Java Design – Class Design with Bi-Directional Relationships

designjava

This is a purely design question.

I want to port a nice educational "game" Bug Brain to Java. In this game you design neural networks which consist of three elements: neurons, nodes and synapses.
Neuron is used to perform some kind of processing on its input signals to produce the desired output; it can be connected with other neurons/nodes (connections are uni-directional and weighted). We can think about nodes can as of junctions – they can also be connected with other neurons/nodes (and these connections are also uni-directional and weighted), but the weight of we cannot change weights of input connections. Synapse is a connection between these two elements.
To sum up: neurons and nodes have both inputs and outputs (to other neurons/nodes) and they do some inputs->outputs processing.

Q: Now, how would you design this class structure?
This is a sketch I "produced" so far:
screenshot of the design

Because the operation "connect two joins (i.e. neuron/node)" has three responsibilities (add synapse, add output to join A, add input to join B) I've decided to put it as a static methid in a controller class.
Of course I could avoid such two-directional relationships between elements: I don't have to keep track of outputs, only inputs but there are some other limitations eg. there can be only 8 I/Os per join so then I'd have to iterate over all synapses every time I add a connection to see if there is still some place to add it.
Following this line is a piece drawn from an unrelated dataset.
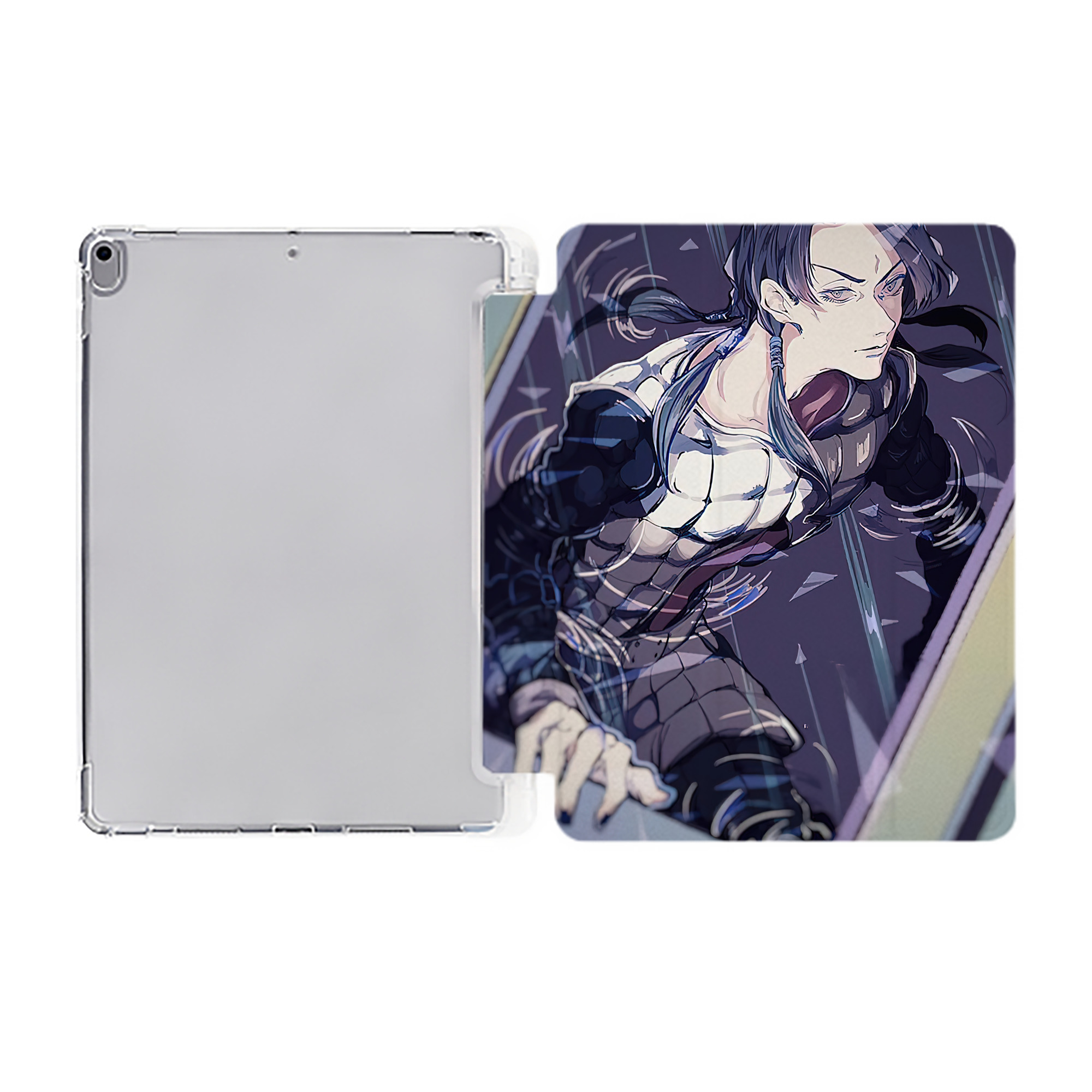（画像用） ジョジョの奇妙な冒険 JoJo's Bizarre Adventure IPad ケース ペン収納付き 三つ折りスタンド PUレザー×シリコン 対応機種9.5/10.5/10.9インチ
In this case (this game) you won't have too many connections so it would not hit performance, but I'd like to know how to deal with such situations in general.
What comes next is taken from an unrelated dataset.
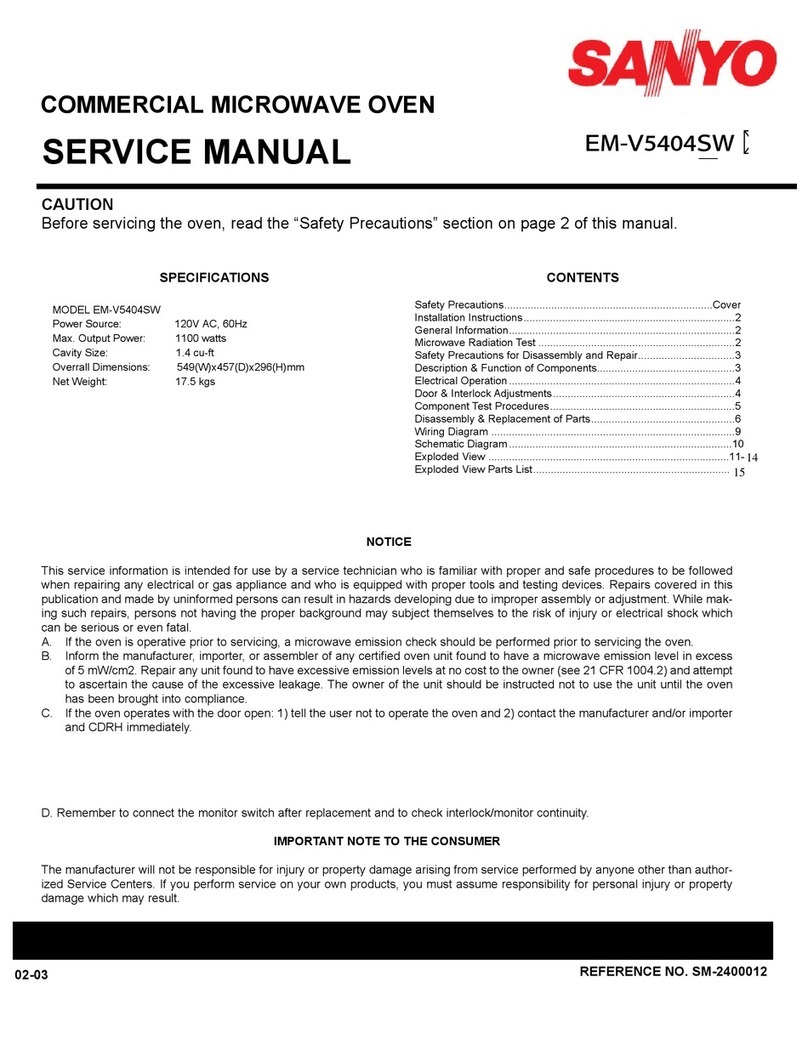 Sanyo EM-V5404SW - Full Size Microwave Oven User manual Sanyo EM-V5404SW - Full Size Microwave Oven User manual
As it's the foundation of this whole logic of this project I'd like to have it properly made. All suggestions are warmly welcome 😉

Best Answer

Bi-directional associations in a class design are possible, but they always come at a hefty price, which you should know and must be willing to pay.

Generally, I like to avoid bi-directional associations with the only exception being performance. As you have mentioned, without knowing the other directions, you may have to loop through all the other objects to find the right one (or count them in your case). This may be costly, but it can also be worked around in other ways than creating a bi-directional relationship (f.ex. association classes with caches).
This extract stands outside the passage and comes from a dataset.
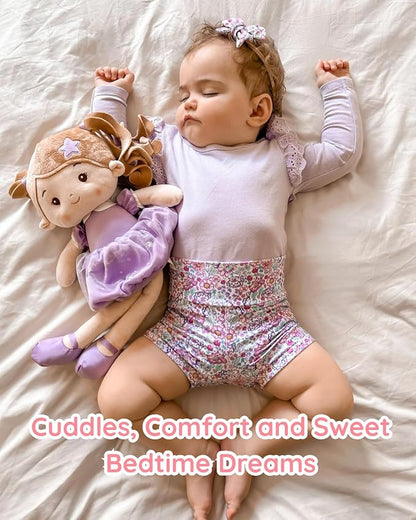 LeyaDoll Soft Baby Doll Toys (16''), My First Baby Rag Doll for 1 Year-Old Girl Birthday Gift, Christmas Plush Toys Gift for Toddler Kids Infants -Starlet Purple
As you may well get hundreds of synapses, it certainly isn't good to loop over them to be able to check if something is connectable, so I think your bi-directional association may be a valid option here. It depends on what exactly you mean with this game

won't have too many connections.

If you can afford the looping, then I suggest you do so. If you do keep the bi-directional relationship, you will have to be extremely careful to keep your model consistent. Each time you touch one of these associations, you must ensure that you atomically update the whole model to become consistent again.

It's hard enough to ensure that each and every modification is correctly mirrored for all involved objects / associations, but once you add concurrency to that it gets even more ugly, because you do not ever want another thread to see the model in an intermediate state, where just one direction has been added/removed yet.

Even if you use tools like Hibernate, which support the bi-directional relationships out of the box, you get other trade-offs. For example, if you combine Hibernate with eager fetching you may well end up reading your whole neural network from the database, whenever you just call for one join. That's all part of the price to be payed.

Also note that omitting the bi-directional relationship and adding some helper class which keeps track of the number of inputs/outputs instead is not a good idea. For one, you split up the responsibility for consistent model updates to something outside of your main model, and second, the involved logic to keep things consistent needs to be added either way. You may accept the poor looping performance, or you may reasonably improve it by some cached lookup that is easier to update and need not necessarily be complete.

As a summary: Bi-directional relationships are possible, but should only be considered, when you cannot work around their absence in a feasible way.